Work instruction: Find the line below with "Alt view image" and the line with "005GJB Oregon License Plate". Output them and the lines between, exactly, but not the pictures.

Segment Open

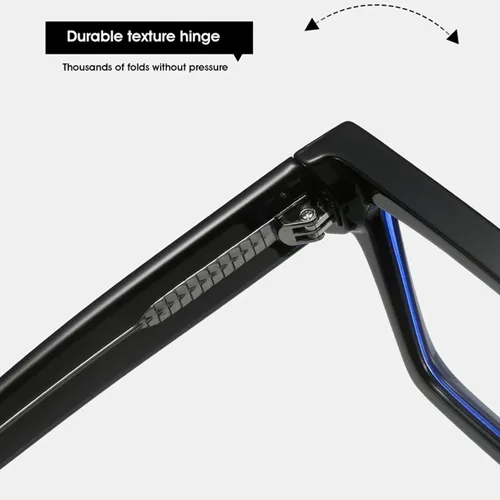 Vista 3 de Kursan Gafas cuadradas negras para mujeres y hombres, lentes transparentes de gran tamaño con marco grueso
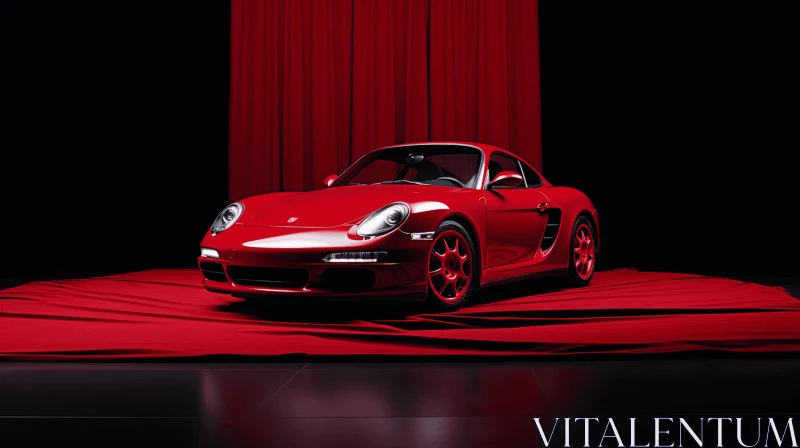 Captivating Red Porsche Sports Car on Vibrant Red Carpet AI Image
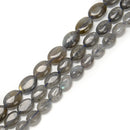 Natural Gray Labradorite Smooth Oval Beads 8x10mm 8x12mm 10x14mm 15.5'' Strand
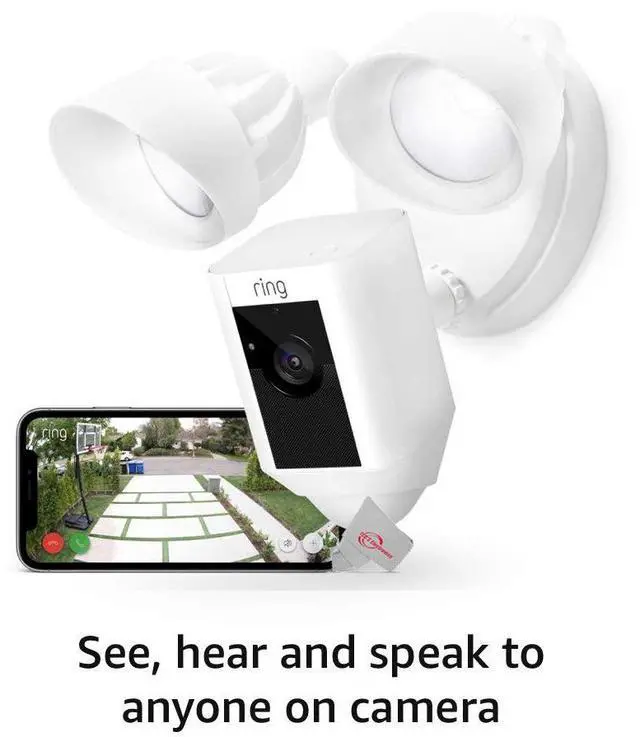 Alt view image 3 of 20 - Ring Floodlight Cam Wired Plus with Motion-Activated 1080p HD Video - White  B08F6GPQQ7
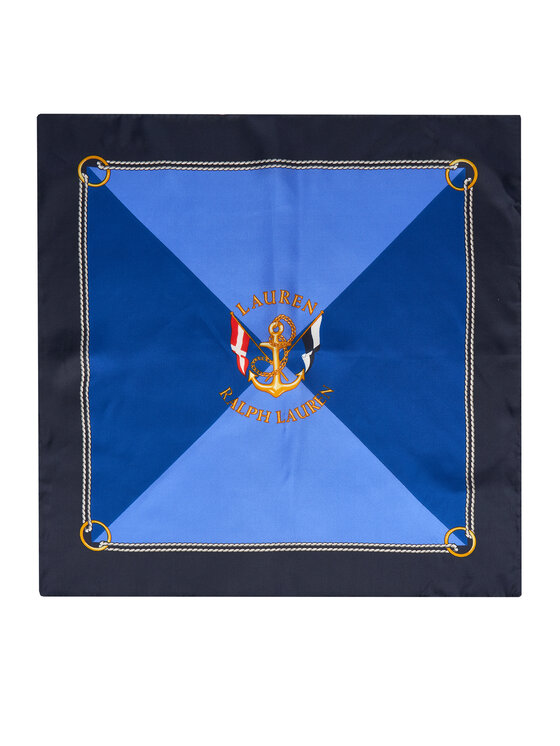 LAUREN RALPH LAUREN Foulard in seta LAUREN RALPH LAUREN Colour-Blocked Anchor-Crest 454P09785003 Blu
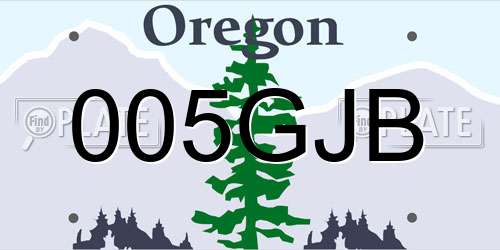 005GJB Oregon License Plate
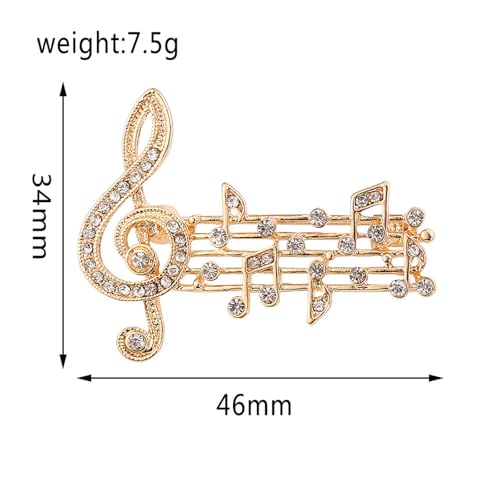 Image of 2PCS Music Note Brooch Pin for Women Dainty Elegant Rhinestone Pearl Note Treble Clef Brooch Musician Party Dance Banquet Clothes Accessorie Jewelry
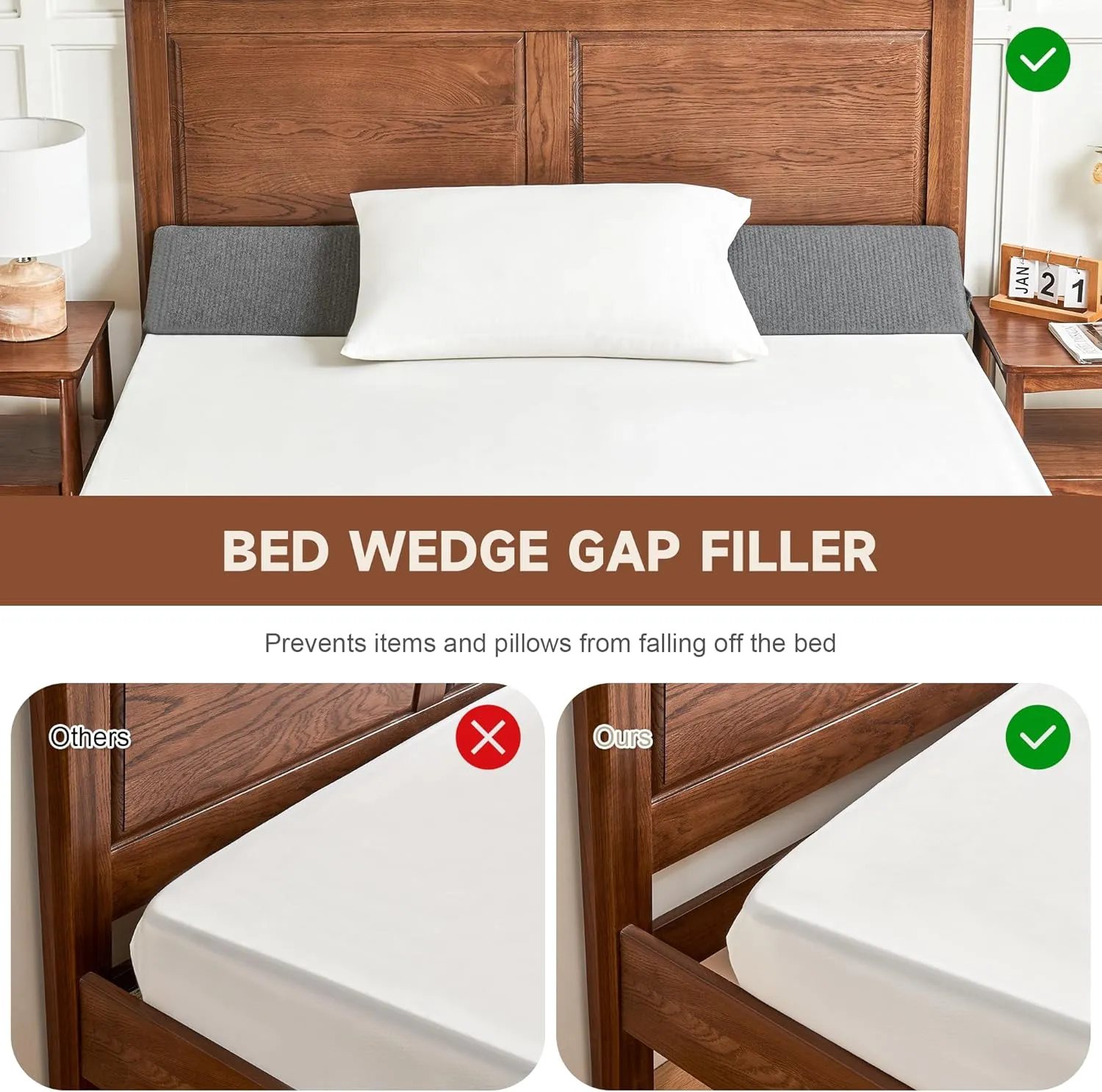 Queen Size(60"x6"x10") Bed Wedge Pillow for Headboard, Mattress Gap Filler(0-8"), Bed Wedge for Gap Between Your Headboard and Mattress Dark Grey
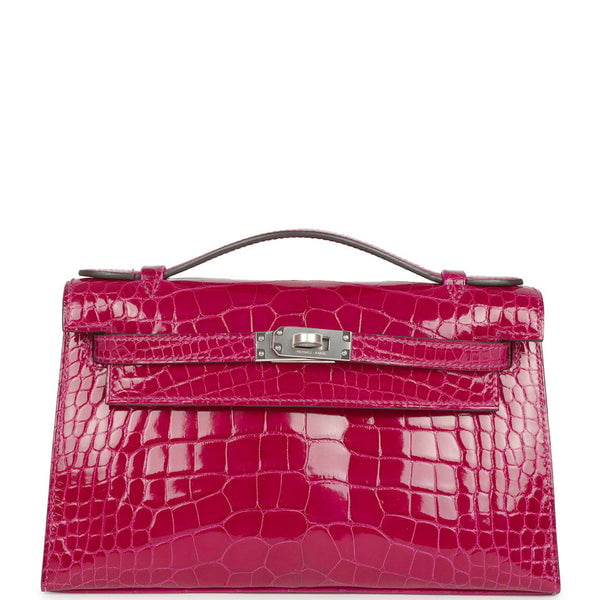 Hermes Hermes Kelly Pochette Rose Pourpre Shiny Alligator Palladium Hardware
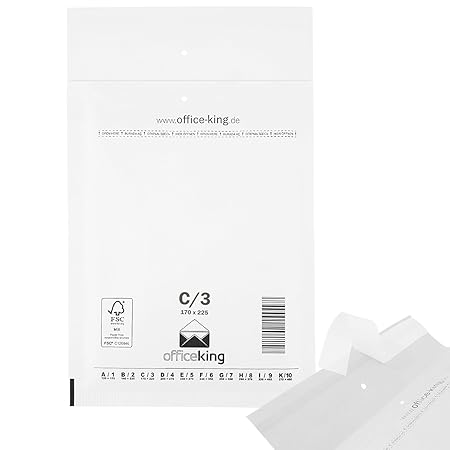 OfficeKing Luftpolstertaschen reißfest 100 Stk Weiss C/3 | DIN A5 | 170 x 225mm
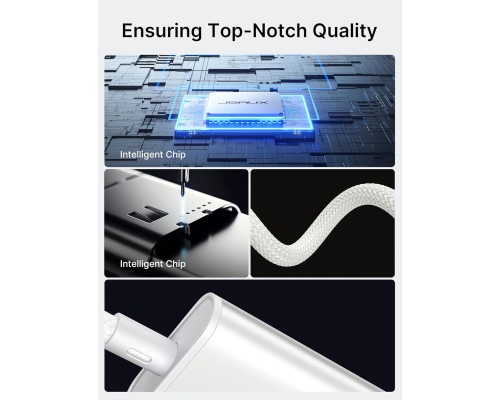 Кабель 2-в-1 Type C - HDMI 4K з портом зарядки PD 100 Вт JSAUX CV0057, сумісний з Thunderbolt 3, iPhone, MacBook, Samsung, iMac, iPad, Surface-White (my-15022)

Segment Closed

Solution to this exercise:
 Alt view image 3 of 20 - Ring Floodlight Cam Wired Plus with Motion-Activated 1080p HD Video - White  B08F6GPQQ7
 LAUREN RALPH LAUREN Foulard in seta LAUREN RALPH LAUREN Colour-Blocked Anchor-Crest 454P09785003 Blu
 005GJB Oregon License Plate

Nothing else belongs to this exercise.